I believe the differences between the two is mostly to the "no nonsense" approach to the Russians, and the fact that they like re-using designs and equipment that work instead of constantly re-inventing the wheel.
Except... they don't re-use designs and equipment. The current mark of the Soyuz (capsule) has almost nothing in common with the early ones other than a reasonably similar moldline. Soyuz has been modified and updated multiple times, not the least as it evolved from a general purpose Earth orbiter into a very specialized station taxi.
Sure, their spacecraft may look "ugly" (or at least, "uglier") than western or American ones, but they get the job done and they are reliable workhorses.

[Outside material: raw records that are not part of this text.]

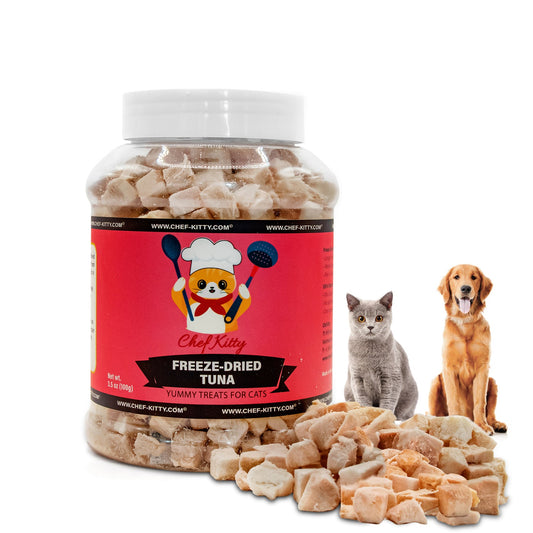 Freeze Dried Tuna Cat & Dog Treats - Made from 100% Wild Caught Tuna - Only 1 Ingredient - Healthy, Tasty, Dry Food for Indoor Cats, Kittens, Dogs - Inspected & Tested in the USA - Tuna (1.75oz-7.4oz)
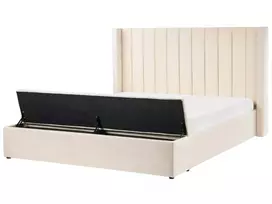 Lova su suoliuku NOYERS veliūrinė, kreminė balta 180 x 200 cm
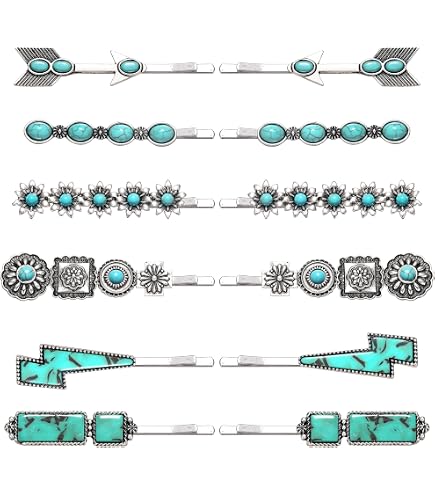 Retro Turquoise Decorative‎ Hair Fork Flower Hairpin Accessory Boho Hair Clip Amazon.com : KALLORY Women main image 3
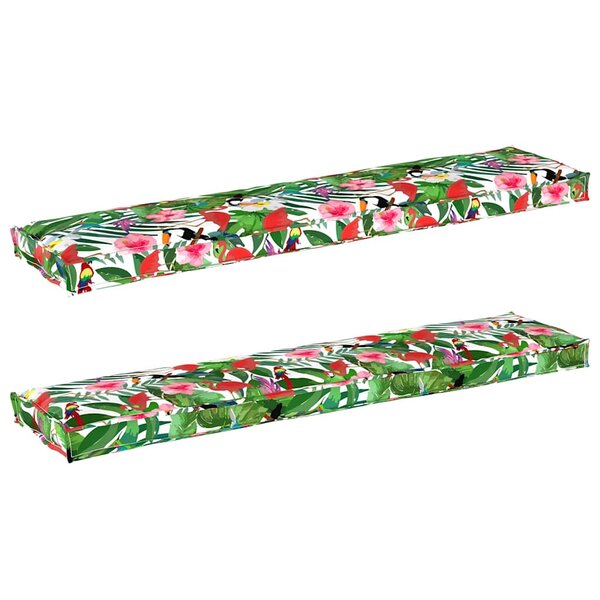 vidaXL Set de coussins de palette Floral 2 Pièces Jungle tropicale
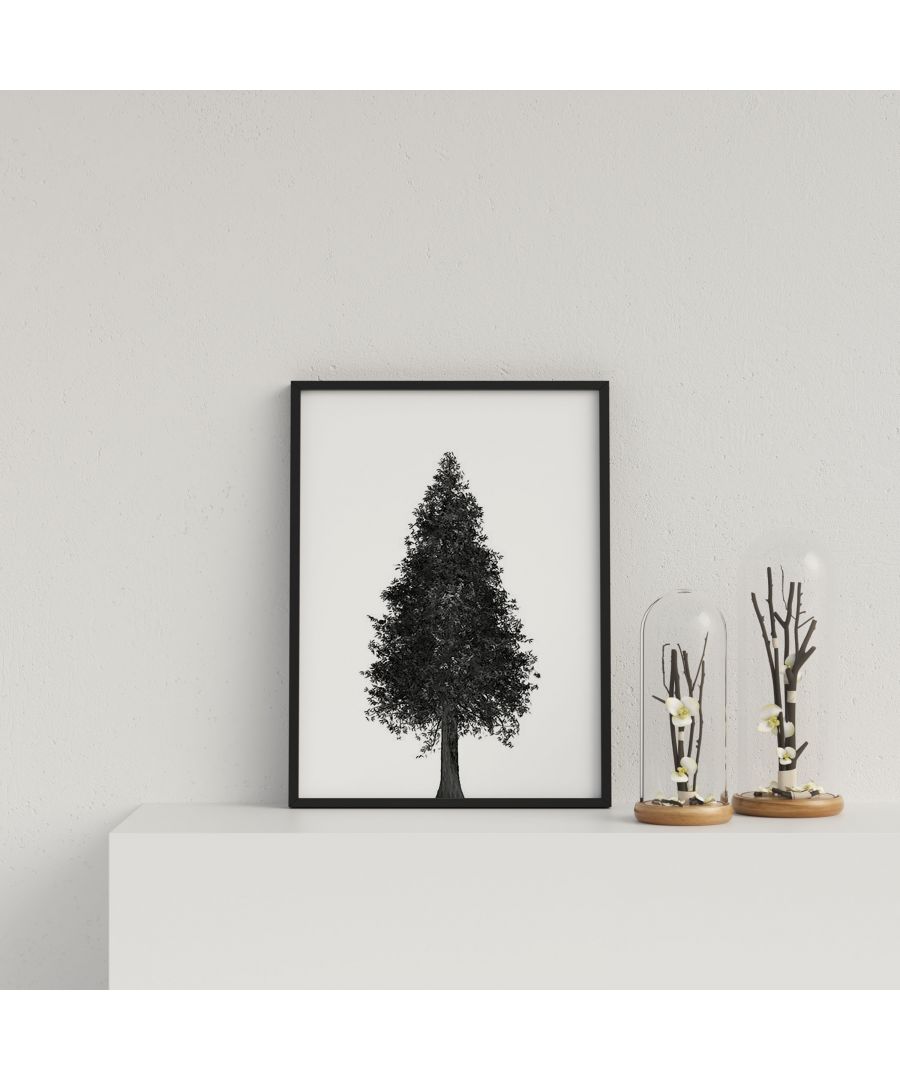 Image for Pointed Tree on White Background - Black frame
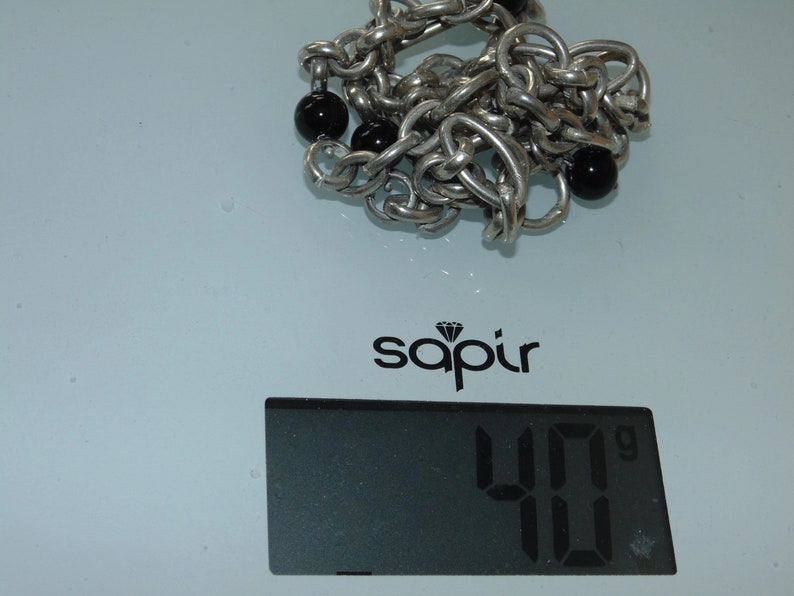 925 Sterling Silver Necklace Pendant Vintage Estate Artisan Adj Length Black Beads Chain 23 Jewelry Jewellery Gift For Her Argent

Reliable... is a very shaky claim given the number of near failures and almost disasters suffered by Soyuz over the years. It hasn't killed anyone in a long time, but it's come uncomfortably close an uncomfortably significant percentage of it's flights. And speaking of flights and workhorses... even though it started flying over a decade earlier, it won't match the number of Shuttle flights until somewhere around the end of this decade at the current flight rate. (Last time I looked, I haven't calculated in a while.) In the same vein, while Shuttle suffered two LOCV accidents, it had zero complete mission failures and only one partial mission failure due to an abort-to-orbit placing it in too low of an orbit. Meanwhile, Soyuz had one pad abort, one failure to orbit, and at least two complete mission failures due to an inability to dock with a space station. (As well as several instances of either the orbital module or the re-entry module failing to separate properly.)
All of which is a roundabout way of saying the comparison isn't really as black-and-white as people would like it to be once you compare the actual Shuttle against the actual Soyuz (as opposed the largely fictional Soyuz the actual Shuttle is commonly compared to) and look at the actual numbers.